- [Work task]:
With pictures left out, return only the lines from the line containing "Super Shiny Stack" through the end of the material below, both included.

- [Recorded data]:

================

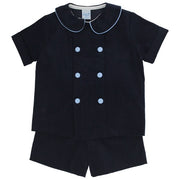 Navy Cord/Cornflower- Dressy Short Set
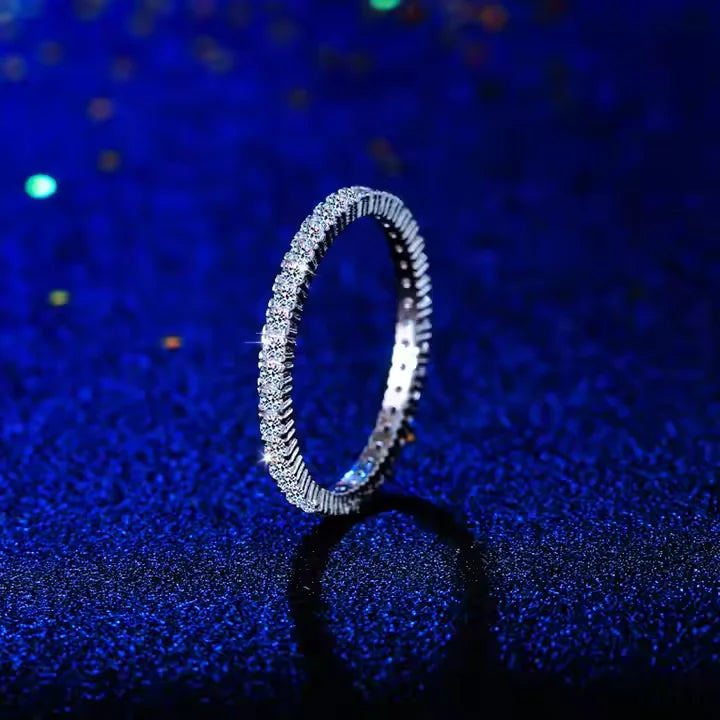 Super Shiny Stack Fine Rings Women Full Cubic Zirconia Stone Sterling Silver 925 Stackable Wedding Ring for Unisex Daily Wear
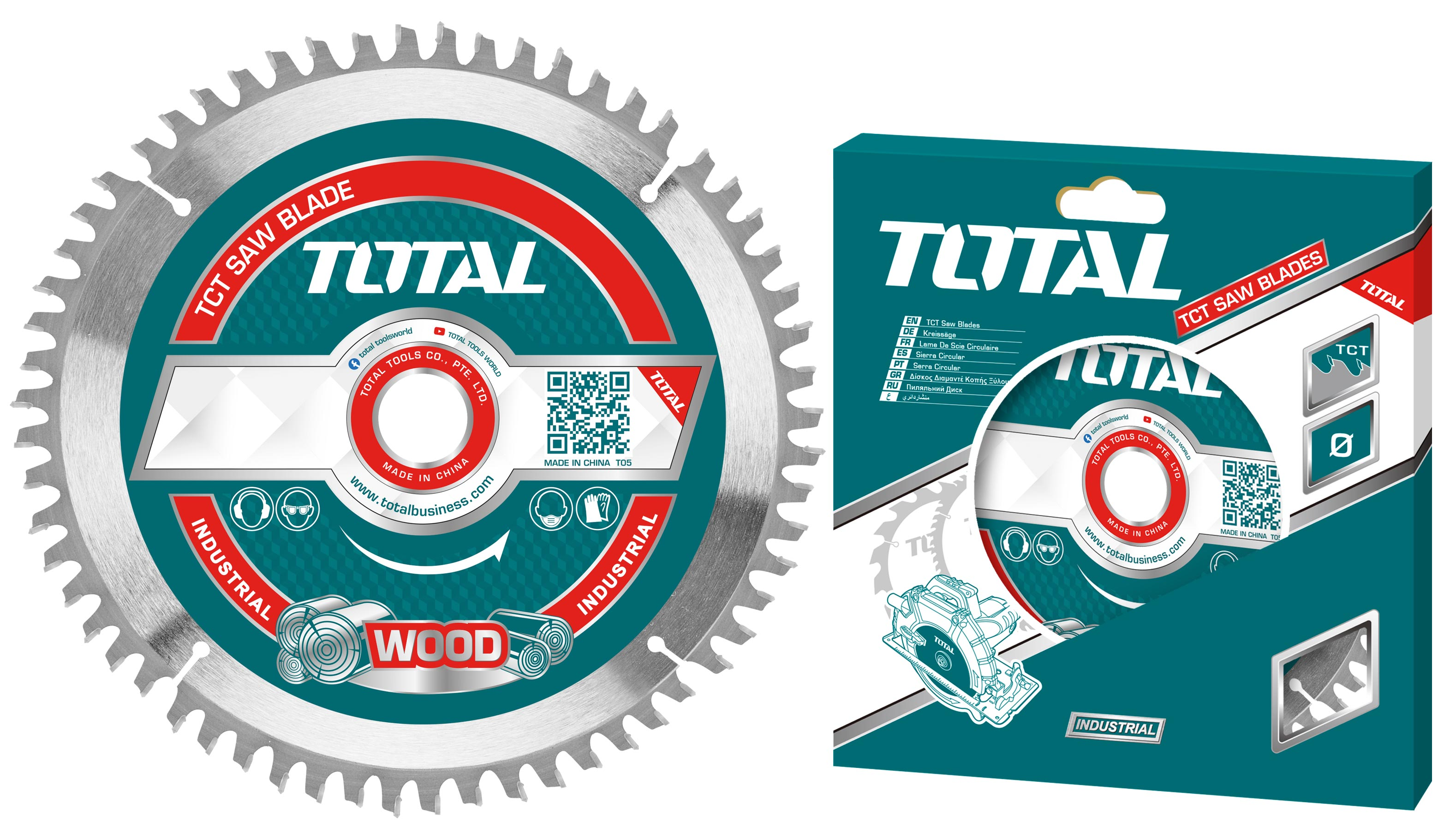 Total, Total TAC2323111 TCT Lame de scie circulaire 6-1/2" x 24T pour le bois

================

- [Answer for the task]:
 Super Shiny Stack Fine Rings Women Full Cubic Zirconia Stone Sterling Silver 925 Stackable Wedding Ring for Unisex Daily Wear
 Total, Total TAC2323111 TCT Lame de scie circulaire 6-1/2" x 24T pour le bois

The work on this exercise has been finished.